Grok 4 fast token economics
Grok 4 Fast: one set of weights, prompt steered. 2M context. RL tuned tool use trims ~40% thinking tokens. $0.20 in, $0.50 out per 1M. HLE is lower than Grok 4. The race now is tokens per second per dollar for agents and coding.
I like the single weights approach. You nudge it with a prompt to switch between fast pattern matching and deep reasoning. No second model to call. Fewer hops. In my pipelines that means less glue code and fewer timeouts.

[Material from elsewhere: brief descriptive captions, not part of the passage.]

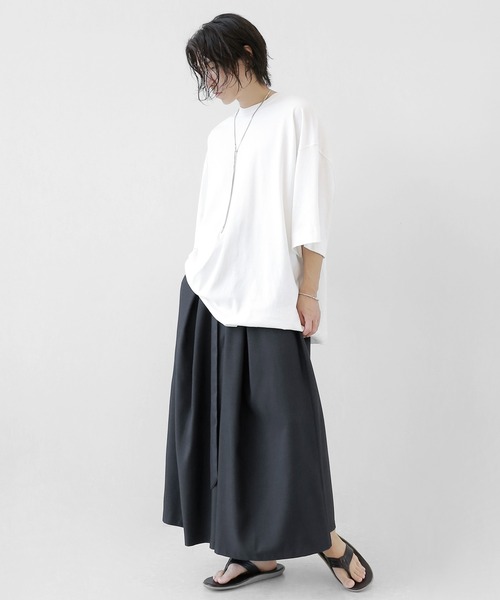 minsobi（ミンソビ）の「タックストラップワイドパンツ（その他パンツ・メンズ・ダークネイビー/ベージュ・FREE）」の22枚目の写真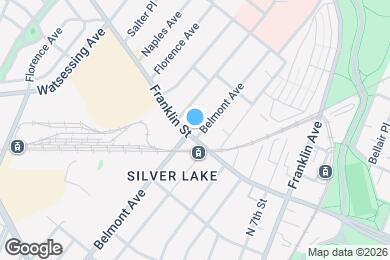 Map image of the property - 110 Franklin St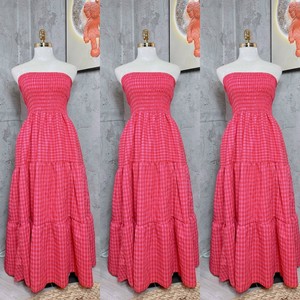 Vestido de mujer Maxi vestido de mujer moda 2023 Casual precio razonable seda Casual lavable personalizar vestido a rayas - Product Image 3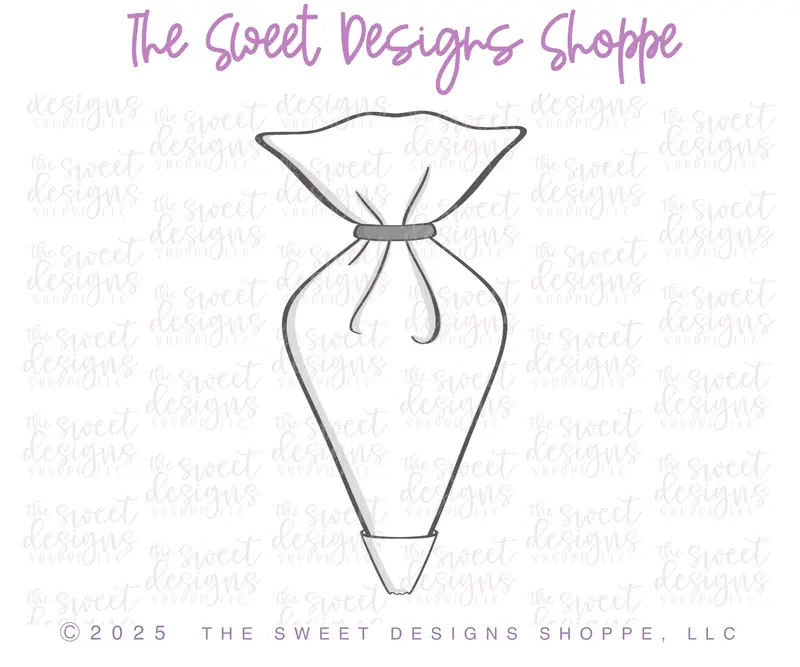 Piping Bag with Tip - Cookie Cutter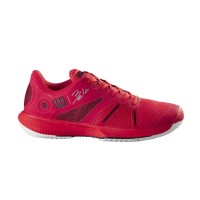 Wilson Bela Pro Red Poppy Sneakers White Black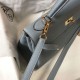 Replica perfetta Hermes Kelly 28cm Retourne Borsa Blue Lin Clemence Imitazione Outlet Online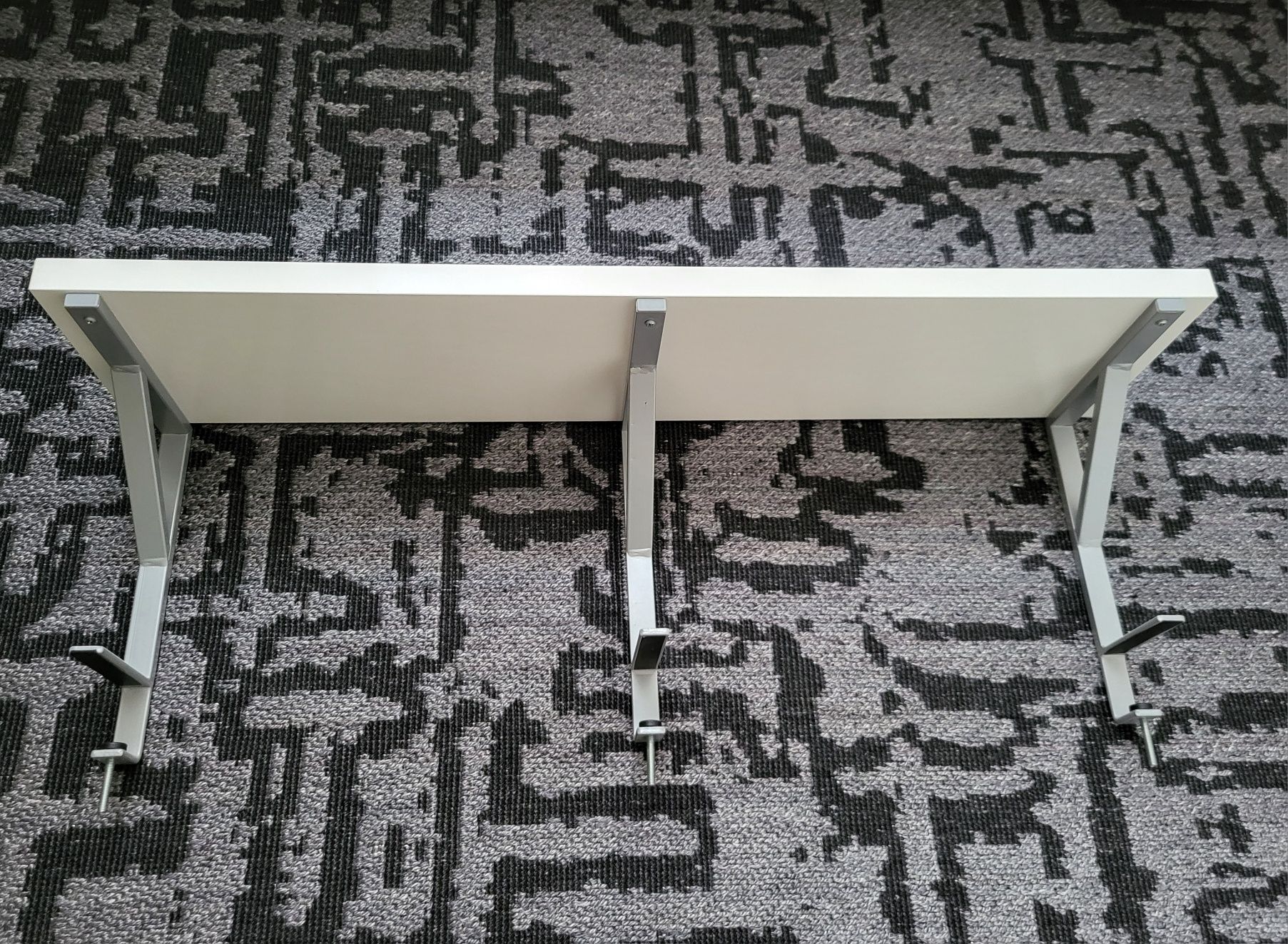 IKEA półka na biurko Ekby Jarpen + wsporniki Ekby Tore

2M context is big. I can stuff a whole repo, the last three PRs, and a README that still lies a little. This reduces RAG fiddling and lets agents keep long workspaces in memory. Less indexing ceremony. More get work done.
RL tuned tool use that cuts about 40% thought tokens is the part I am watching. Tools first, then think, not the other way around. That drops cost and latency on multi step plans. If your agent emits 30k thought tokens today, you just saved 12k. At scale that matters.
Pricing is friendly for experiments: $0.20 per 1M in and $0.50 per 1M out. Some routers even served it free for a short window, which was fun while it lasted. HLE dips versus Grok 4, so raw scores are down, but AA’s price to IQ idea still holds.
As founders, do we chase top evals, or do we ship agents that hit budgets and SLAs? Are you tracking tokens per second per dollar on live traffic yet?
I will A B this in coding agents this week and share numbers. Feels like the bottleneck just moved.